INFORMATION:
%%

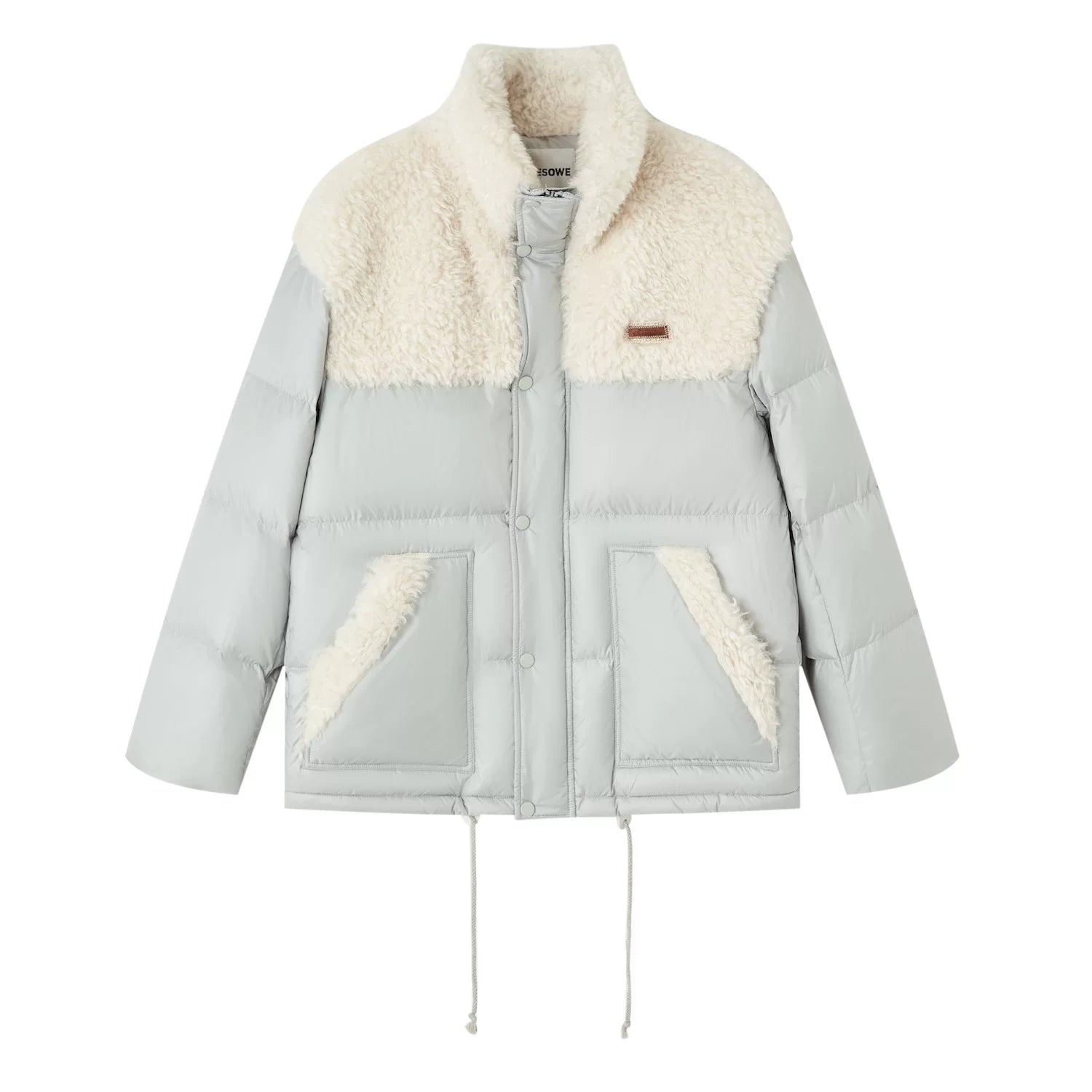 Shearling-Panel Stand-Collar Down Jacket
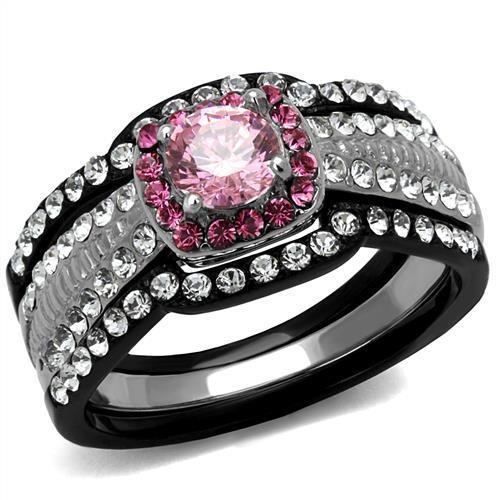 Two-Tone IP Black (Ion Plating) Stainless Steel Ring with AAA Grade CZ  in Light Rose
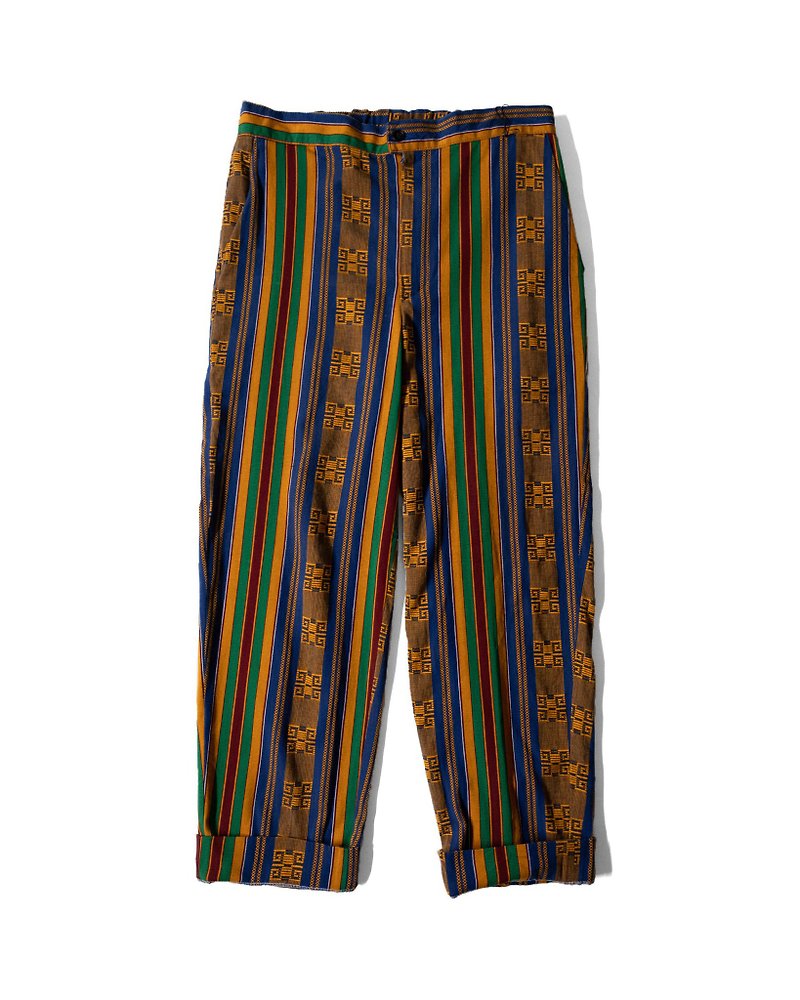 A PRANK DOLLY-Vintage (W32) Woven Totem Pants - Unisex Pants - Cotton & Hemp Multicolor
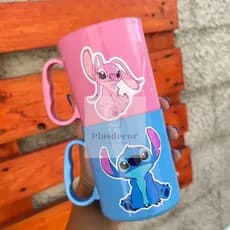 Caneca de Plástico Stit e ang  Adesivadas Para Festa lembrancinhas Presentes Aniversários Festa Crianças 450ml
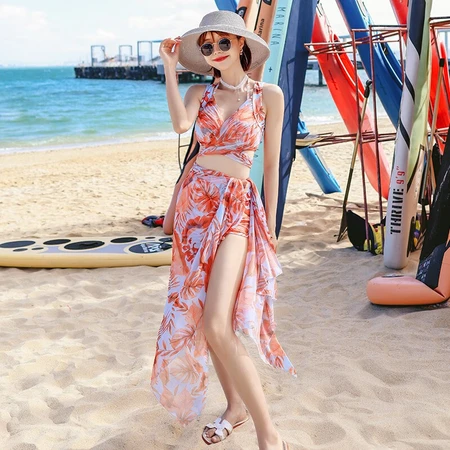 Yifu swimsuit women's bikini three-piece set Korean hot spring boxer fashion slim Korean ins split swimsuit orange 2XL Yifu swimsuit women's bikini three-piece set Korean hot spring boxer fashion slim Korean ins split swimsuit orange 2XL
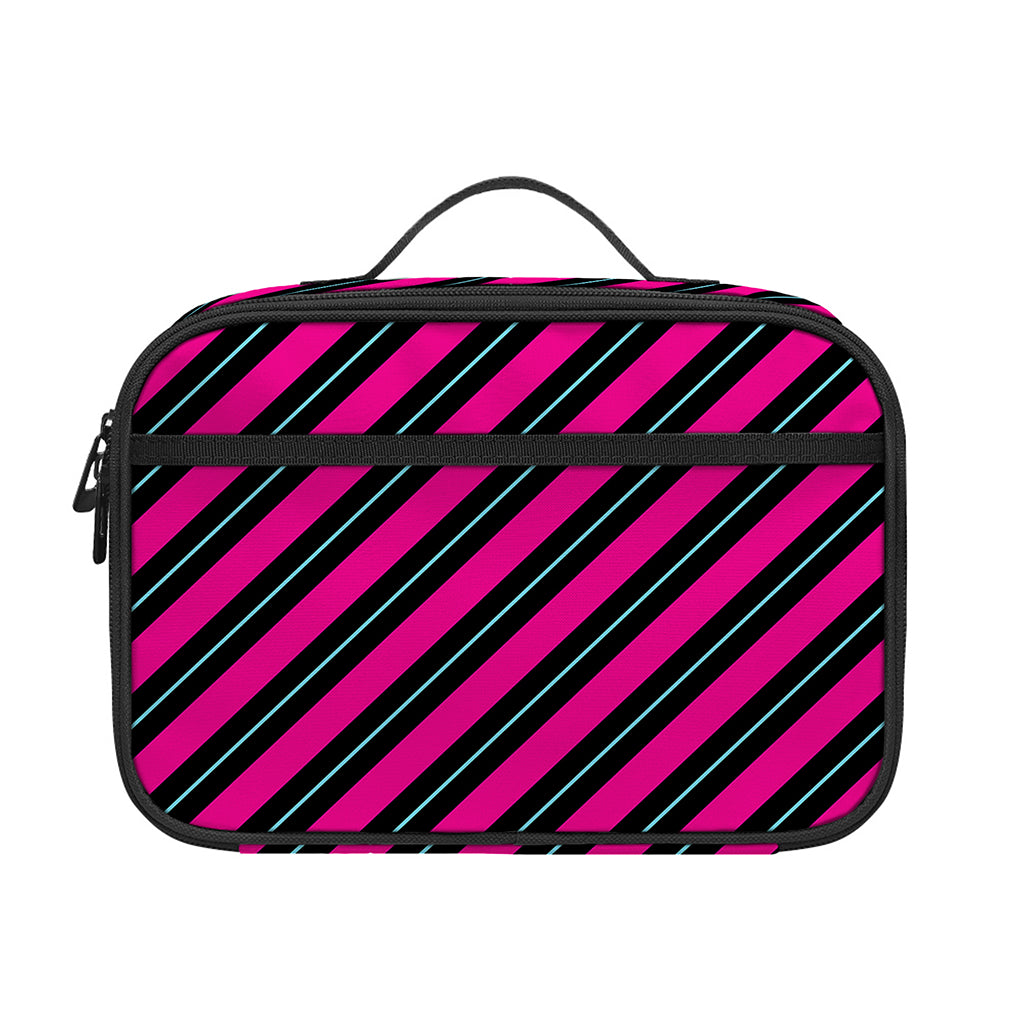 Hot Pink Black And Blue Stripes Print Portable Lunch Bag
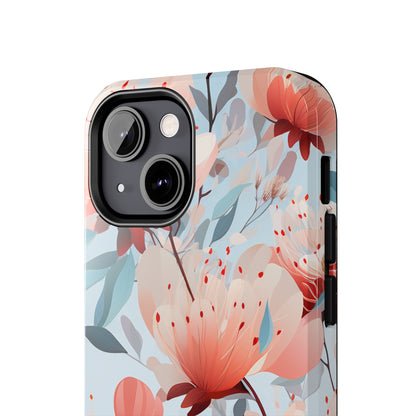 Red Flowers Digital print Design Tough Phone Case compatible with a large variety of iPhone models, Gift, Phone Case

%%

THE PROBLEM:
Exact wording is required throughout: write out all the records, but no pictures.

SOLUTION TO THIS TASK:
 Shearling-Panel Stand-Collar Down Jacket
 Two-Tone IP Black (Ion Plating) Stainless Steel Ring with AAA Grade CZ  in Light Rose
 A PRANK DOLLY-Vintage (W32) Woven Totem Pants - Unisex Pants - Cotton & Hemp Multicolor
 Caneca de Plástico Stit e ang  Adesivadas Para Festa lembrancinhas Presentes Aniversários Festa Crianças 450ml
 Yifu swimsuit women's bikini three-piece set Korean hot spring boxer fashion slim Korean ins split swimsuit orange 2XL Yifu swimsuit women's bikini three-piece set Korean hot spring boxer fashion slim Korean ins split swimsuit orange 2XL
 Hot Pink Black And Blue Stripes Print Portable Lunch Bag
 Red Flowers Digital print Design Tough Phone Case compatible with a large variety of iPhone models, Gift, Phone Case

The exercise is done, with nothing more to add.